Desde o caso Cambridge Analytica em 2017, a coleta de dados de redes sociais vem sofrendo mudanças devido a leis de privacidade e outros fatores. Na sua visão, quais foram as principais mudanças de lá para cá e quais os impactos que tivemos nas análises e modus operandis das entregas de B.I.?
Eu acho que o impacto foi tão grande que não somente alterou o dia-a-dia e a operação do trabalho de BI, mas reconfigurou toda uma área - que ainda estava se consolidando. A pesquisa d'O Profissional de Inteligência em Mídias Sociais no Brasil, cuja última edição foi realizada em 2018, mostrava como o termo "inteligência" e "business intelligence", de modo geral em seus últimos anos, já ganhava tração em direção a um trabalho com dados de mídias sociais mais voltado para mensuração e performance. Ainda que muitas das referências fossem pesquisadoras/es (acadêmicos), já havia indícios claros de que o mercado estava se afastando da pesquisa e monitoramento para se aproximar de outras disciplinas.

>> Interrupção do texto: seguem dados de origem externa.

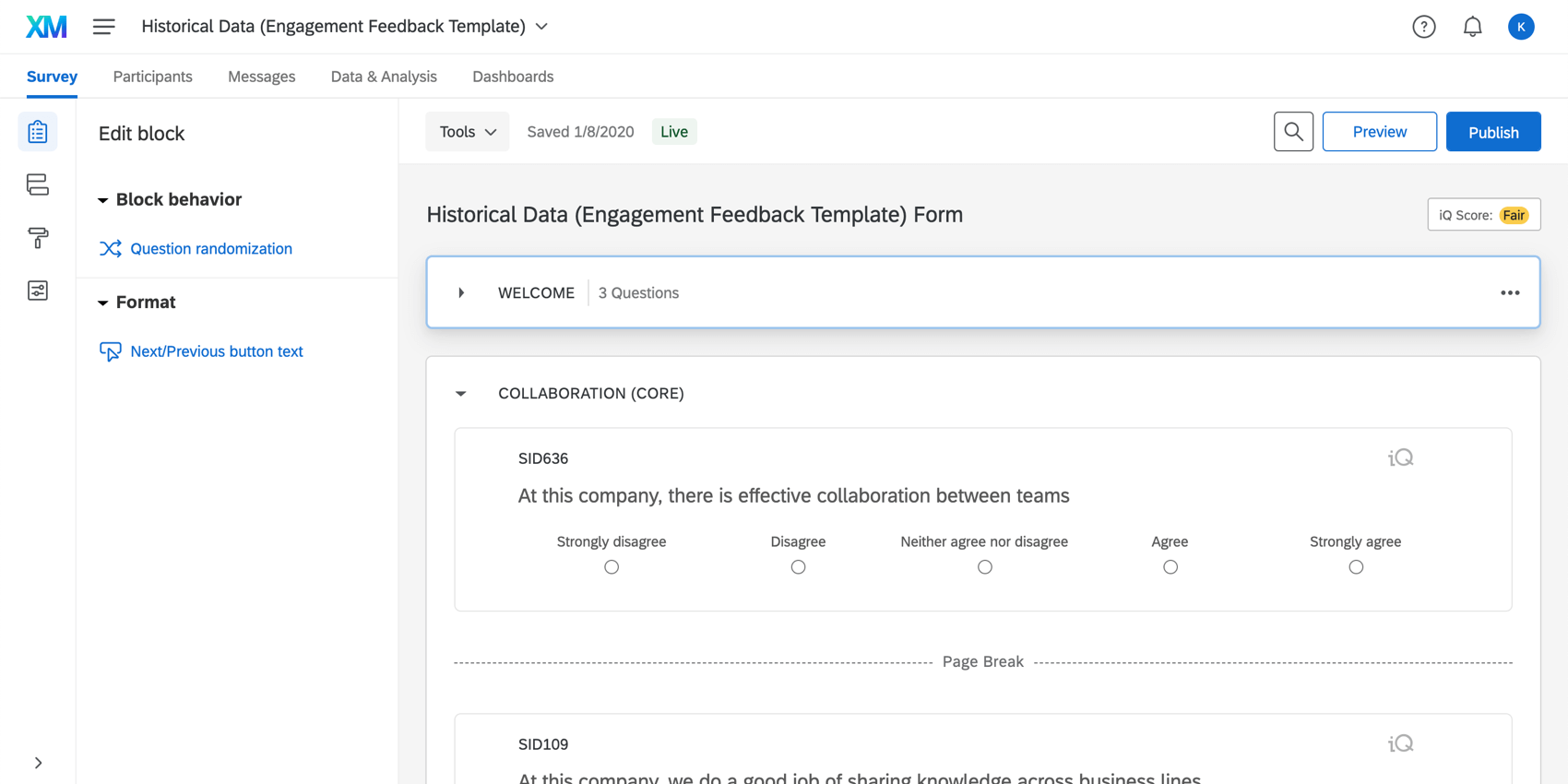 Survey editor in the Historical EX project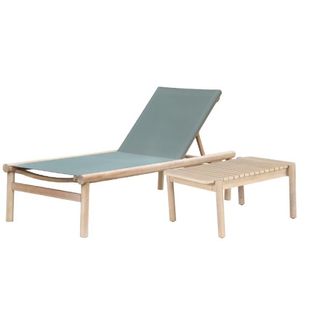 Ensemble Bain De Soleil Et Table Basse Samoa En Bois D'acacia Et Textilène Vert Kaki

Imagino que uma pesquisa sobre profissionais de inteligência de mídias sociais ou de business intelligence (para mídias sociais) hoje, em 2021, revelaria como a nova face desse trabalho é muito mais voltado para o escopo de métricas e mídia (social analytics, web analytics, ad performance etc.). Quando fiz uma análise de vagas publicadas num grupo do Facebook ainda em 2017, essa tendência para o trabalho de BI já começava a se consolidar. Hoje, o que percebo é uma guinada ainda mais voltada para uma perspectiva de inteligência de negócios (mesmo em agências e vagas voltadas para comunicação), com a exigência de conhecimentos ainda mais voltados para técnicas e habilidades matemáticas/estatísticas, ou até mesmo data science.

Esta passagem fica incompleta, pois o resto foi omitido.